Il sindaco di New York Zohran Mamdani ha annullato un precedente divieto su TikTok imposto dal suo predecessore, Eric Adams, consentendo alle agenzie cittadine di riprendere a utilizzare l’app per le comunicazioni ufficiali. La decisione inverte una politica adottata nell’agosto 2023, che citava problemi di sicurezza relativi alla proprietà cinese di TikTok sotto ByteDance.
Il cambiamento nella politica
L’amministrazione di Mamdani ha affermato che TikTok è ora uno strumento vitale per raggiungere i residenti, in particolare per quanto riguarda gli avvisi di emergenza, i servizi pubblici e gli aggiornamenti sugli eventi. L’inversione di rotta arriva dopo l’uso di successo dei social media da parte di Mamdani durante la sua campagna e la prima amministrazione, dove il coinvolgimento di TikTok ha aumentato significativamente il reclutamento di volontari e l’iscrizione al programma.
Ad esempio, un recente video di Instagram che promuoveva il programma di allarme di emergenza NotifyNYC ha generato oltre 32.000 nuove iscrizioni in soli quattro giorni, superando i risultati di una precedente campagna pubblicitaria da 240.000 dollari. Allo stesso modo, la spinta di TikTok per il programma di spala neve della città ha triplicato la partecipazione.
Misure di sicurezza in atto
Per mitigare i rischi per la sicurezza, le agenzie saranno tenute a utilizzare dispositivi separati e limitati per l’accesso a TikTok. A questi dispositivi non sarà consentito archiviare dati sensibili, utilizzare e-mail personali o connettersi a sistemi interni. Personale specifico all’interno degli uffici stampa e media sarà designato per gestire i conti, garantendo un ambiente controllato.
Il panorama in evoluzione di TikTok
L’inversione di politica coincide con un cambiamento nella struttura operativa di TikTok. Nel gennaio 2026, la società ha concluso un accordo con l’amministrazione Trump per creare una versione con sede negli Stati Uniti gestita da investitori americani, tra cui Oracle. Questo sviluppo ha contribuito a evitare il divieto nazionale dell’app.
Contesto più ampio di tecnologia e sicurezza
Questa decisione fa parte di un dibattito più ampio sull’accesso del governo alle piattaforme digitali. Il panorama tecnologico più ampio è pieno di preoccupazioni sulla privacy, come illustrato dai recenti sviluppi: i legislatori statunitensi stanno prendendo in considerazione una legislazione per richiedere mandati per la sorveglianza dell’FBI, Meta sta combattendo le truffe su scala industriale sulle sue piattaforme e la US Customs and Border Protection è stata sorpresa a monitorare i cittadini tramite dati pubblicitari online.
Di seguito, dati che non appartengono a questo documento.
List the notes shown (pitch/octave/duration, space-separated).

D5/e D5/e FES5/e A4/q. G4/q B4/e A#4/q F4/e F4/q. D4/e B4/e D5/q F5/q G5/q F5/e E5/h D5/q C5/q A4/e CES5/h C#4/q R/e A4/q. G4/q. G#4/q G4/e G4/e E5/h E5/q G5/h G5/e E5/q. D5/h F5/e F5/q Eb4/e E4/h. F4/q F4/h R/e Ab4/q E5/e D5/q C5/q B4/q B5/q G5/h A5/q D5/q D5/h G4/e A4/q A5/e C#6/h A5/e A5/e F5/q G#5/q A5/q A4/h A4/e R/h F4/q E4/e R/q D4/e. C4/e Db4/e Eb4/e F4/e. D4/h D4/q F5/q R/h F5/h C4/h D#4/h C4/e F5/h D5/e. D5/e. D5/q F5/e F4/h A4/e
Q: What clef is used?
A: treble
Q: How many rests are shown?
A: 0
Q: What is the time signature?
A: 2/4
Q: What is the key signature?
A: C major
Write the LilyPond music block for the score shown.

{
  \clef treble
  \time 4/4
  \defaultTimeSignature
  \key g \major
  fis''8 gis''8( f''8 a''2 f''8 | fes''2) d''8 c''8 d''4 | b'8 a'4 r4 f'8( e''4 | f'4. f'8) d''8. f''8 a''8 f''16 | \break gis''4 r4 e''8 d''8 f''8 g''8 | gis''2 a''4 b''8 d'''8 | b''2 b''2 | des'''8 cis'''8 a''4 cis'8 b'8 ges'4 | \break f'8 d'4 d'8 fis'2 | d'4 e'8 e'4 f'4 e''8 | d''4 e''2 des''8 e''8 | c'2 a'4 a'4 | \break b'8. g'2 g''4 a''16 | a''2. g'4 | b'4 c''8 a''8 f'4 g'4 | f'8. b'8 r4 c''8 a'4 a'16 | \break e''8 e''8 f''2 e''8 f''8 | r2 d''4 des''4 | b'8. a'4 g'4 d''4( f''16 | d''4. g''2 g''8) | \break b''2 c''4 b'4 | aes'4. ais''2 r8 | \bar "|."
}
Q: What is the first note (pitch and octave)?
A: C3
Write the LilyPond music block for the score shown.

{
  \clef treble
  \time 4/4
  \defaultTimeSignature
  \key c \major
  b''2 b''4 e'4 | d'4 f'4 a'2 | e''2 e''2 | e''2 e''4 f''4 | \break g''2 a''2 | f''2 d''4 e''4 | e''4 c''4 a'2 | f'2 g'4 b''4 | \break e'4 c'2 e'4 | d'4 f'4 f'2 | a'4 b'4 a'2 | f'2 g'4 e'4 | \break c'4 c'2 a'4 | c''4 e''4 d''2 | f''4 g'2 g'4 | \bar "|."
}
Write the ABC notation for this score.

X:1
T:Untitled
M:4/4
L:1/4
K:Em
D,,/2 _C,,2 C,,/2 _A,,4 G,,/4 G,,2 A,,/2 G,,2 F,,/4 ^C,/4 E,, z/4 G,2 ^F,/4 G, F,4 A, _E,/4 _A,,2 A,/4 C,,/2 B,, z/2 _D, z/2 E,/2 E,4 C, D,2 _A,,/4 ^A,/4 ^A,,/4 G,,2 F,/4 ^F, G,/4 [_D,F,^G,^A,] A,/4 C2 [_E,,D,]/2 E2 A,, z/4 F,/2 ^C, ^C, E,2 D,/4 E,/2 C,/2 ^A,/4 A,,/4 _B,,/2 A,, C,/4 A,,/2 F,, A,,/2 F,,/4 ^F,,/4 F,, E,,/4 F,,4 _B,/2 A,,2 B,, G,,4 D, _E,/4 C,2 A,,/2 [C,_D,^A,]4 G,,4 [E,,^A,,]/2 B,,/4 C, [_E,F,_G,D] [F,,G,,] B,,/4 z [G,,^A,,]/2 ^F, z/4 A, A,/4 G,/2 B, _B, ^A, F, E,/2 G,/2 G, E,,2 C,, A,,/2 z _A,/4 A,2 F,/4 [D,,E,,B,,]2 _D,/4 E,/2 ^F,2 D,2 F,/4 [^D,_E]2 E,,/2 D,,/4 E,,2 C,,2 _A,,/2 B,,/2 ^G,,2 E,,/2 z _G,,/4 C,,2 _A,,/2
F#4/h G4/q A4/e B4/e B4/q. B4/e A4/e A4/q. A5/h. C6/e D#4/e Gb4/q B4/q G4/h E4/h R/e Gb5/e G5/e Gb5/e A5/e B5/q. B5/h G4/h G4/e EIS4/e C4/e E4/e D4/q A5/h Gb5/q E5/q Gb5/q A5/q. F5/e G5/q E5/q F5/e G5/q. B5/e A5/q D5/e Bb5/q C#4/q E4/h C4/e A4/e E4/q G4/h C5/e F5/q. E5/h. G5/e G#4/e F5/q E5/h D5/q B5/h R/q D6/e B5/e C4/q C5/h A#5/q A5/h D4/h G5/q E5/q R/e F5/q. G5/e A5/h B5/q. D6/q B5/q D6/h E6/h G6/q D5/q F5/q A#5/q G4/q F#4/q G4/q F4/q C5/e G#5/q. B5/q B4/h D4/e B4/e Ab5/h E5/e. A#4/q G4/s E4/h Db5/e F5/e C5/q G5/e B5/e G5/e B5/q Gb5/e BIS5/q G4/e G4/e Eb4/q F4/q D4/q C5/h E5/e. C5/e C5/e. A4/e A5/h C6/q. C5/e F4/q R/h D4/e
La mossa dell’amministrazione Mamdani riflette un crescente riconoscimento del fatto che le comunicazioni ufficiali devono raggiungere i cittadini ovunque si trovino, anche se ciò significa abbracciare piattaforme precedentemente considerate rischiose per la sicurezza. L’approccio dell’amministrazione mira a bilanciare l’accessibilità con la protezione responsabile dei dati in un mondo sempre più digitale.
L’inversione di rotta è un chiaro segnale che la nuova amministrazione dà priorità a un’efficace sensibilizzazione del pubblico rispetto alle restrizioni generali sulle piattaforme di social media.